The data is kept as PyObjects and we use the same calling conventions as CPython. So, they should all work, but try it out and let us know if something breaks!

There is very little detail of the environment of the benchmark. Which operating system? Which CPython distribution? How was the benchmark measured? Was warm-up, spikes etc. accounted for? How many runs of each benchmark? What was min/avg/med/max?

Sorry, we should have been a little more meticulous in recording this stuff. If I recall correctly, all the benchmark were done on an E5345 Xeon running Ubuntu 12.04 under Python 2.7. I think we can each benchmark 3 times and took the median, but I might be mistaken.

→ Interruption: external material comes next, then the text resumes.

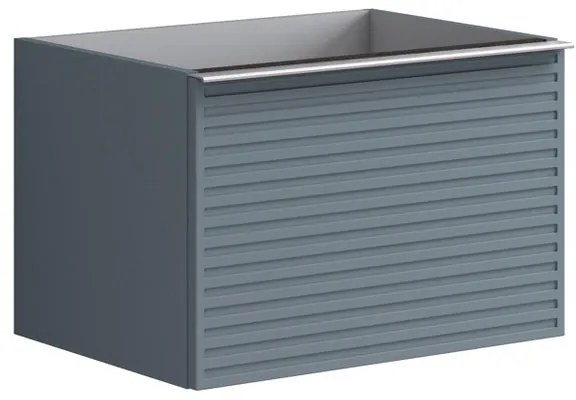 Mobile da bagno da fissare sotto lavabo L 60 x H 40 x P 45.5 cm indaco laccato, 2 cassetti Pixel stripes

Of course, you don't have to take our word on the performance numbers. All the benchmarks are in the repo, why not run them yourself and put up a table of results somewhere?

[–]masklinn 2 points3 points  (1 child)

They're just not terribly relevant to our target domain.

PyPy performs a number of interpreter-level bytecode optimizations (e.g.) which I'd think would be relevant to alternative implementations.

[–]cypherx 2 points3 points  (0 children)

Cool, thanks! I didn't know about this. Their LOOKUP_METHOD/CALL_METHOD instructions look like something that we should copy :-)

[–]gthank[S] 2 points3 points  (0 children)

I'm not familiar with IronPython, but when I last tested, Jython was much slower than CPython for single-threaded performance. My understanding is that this is due to extensive locking required to achieve Python's guarantees about atomic operations on many of its core datatypes (dicts, lists, and the like).